Australia’s Foreign Investment Review Board (FIRB) ignores all foreign purchases of Australian real estate. The organisation is useless and probably corrupt. Here is yet another reason to sack the entire board and start again.
According to the Australian Crime Commission (ACC), global crime syndicates (notably outlaw bikie gangs) are buying some of Australia’s most expensive real estate.
Some of Australia’s most expensive real estate is being bought by global crime syndicates, one of the country’s top crime-fighting bodies says.
So worried are they about the influx of dirty money that the Australian Crime Commission has launched an investigation looking at money laundering and terrorism financing through property.
Concerns that criminals may be targeting real estate were raised within the commission about six months ago, according to an ACC spokeswoman.
Parliamentary secretary to the Treasurer Kelly O’Dwyer said the federal government was being forced to play catch-up on the issue.
The Targeting Criminal Wealth Special Investigation is expected to run until June next year.
“Taskforce investigations have uncovered information about organised crime entities investing in high-value commodities, such as real estate, to help launder illicit funds into the legitimate economy,” said ACC chief executive Chris Dawson.
“The Australian real estate sector is perceived as stable and at low risk of significant depreciation in the short term, and potential for growth in the long term.
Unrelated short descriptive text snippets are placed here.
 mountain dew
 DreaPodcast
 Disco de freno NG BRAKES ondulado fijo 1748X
It is likely that organised crime are exploiting these conditions to invest in the Australian real estate market to launder the proceeds of illicit activity including drug profits.”
The ACC declined to specify countries of concern because the investigation is ongoing.
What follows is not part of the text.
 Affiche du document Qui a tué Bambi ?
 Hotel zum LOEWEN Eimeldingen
Parliamentary secretary to the Treasurer Kelly O’Dwyer said the federal government was being forced to play catch-up on the issue because there had been no co-ordinated data matching scheme on property records to date.
The recently announced data-matching scheme set to start from December 1 as part of the federal government’s crackdown on foreign investment would be a big help to agencies like the ACC in these investigations, Ms O’Dwyer said.
“One of the key recommendations of the House Economics Committee Review into foreign ownership was to co-ordinate all relevant data so it is accessible to the relevant government bodies, from Austrac to Immigration and a number of other bodies,” Ms O’Dwyer said. “Once this is up and running it will give us a clear picture of what’s going on and where money is coming from.”
In recent months the ACC has talked to a handful of agents who specialise in high-end property transactions about how they check the bonafides of buyers and their ability to purchase a property.
“I told them most of our offshore buyers are referred to us by their lawyer or accountant and come to us as a prequalified or legitimate buyer,” said Craig Pontey, director of Sydney firm Ray White Double Bay.
“If organised crime is targeting real estate, I haven’t seen it. But there’s no doubt the Foreign Investment Review Board (FIRB) must be under resourced, (or just incompetent and/ or corrupt) because there’s been a lot of investment in the past 20 years – and not just Chinese investment – and no-one has been tracking that.”
Tits on a Bull
Coalition MP Kelly O’Dwyer says the Foreign Investment Review Board isn’t doing its job, pointing out that it has failed to enforce laws restricting investment in real estate by foreigners. Foreign buyers cannot buy established homes without approval, yet the FIRB are turning a blind eye.
“I must say I think there has been a failure of leadership in FIRB,” she said. “I think they have not been proactive in the way they have gone about their role.
In fact the problem is so serious there needs to be a Senate Enquiry into foreign ownership and the systemic failings of the FIRB. According to Treasury figures, foreign ownership in Australian real estate surged to $24.8 billion in the first nine months of the 2014 financial year, which was an increase of 93 per cent on 2013.
The Chinese are snapping up purpose-built, high-density inner-city apartments in Sydney and Melbourne. The current fine, of $85,000, was considered simply as the “cost of doing business”.
Otherwise high end real estate agents don’t ask questions, just happily pocket the cash.
Ken Jacobs, of Christie’s International, said it is routine to verify a buyer’s identity, but that in the pursuit of that information he recently lost a would-be buyer for one of Sydney’s waterfront trophy homes.
“In this case because we were dealing with an intermediary we needed to establish who they were acting for to ensure any funds weren’t the proceeds of crime or the buyer wasn’t on the sanctions list.”
The foreign buyer’s details were never forthcoming.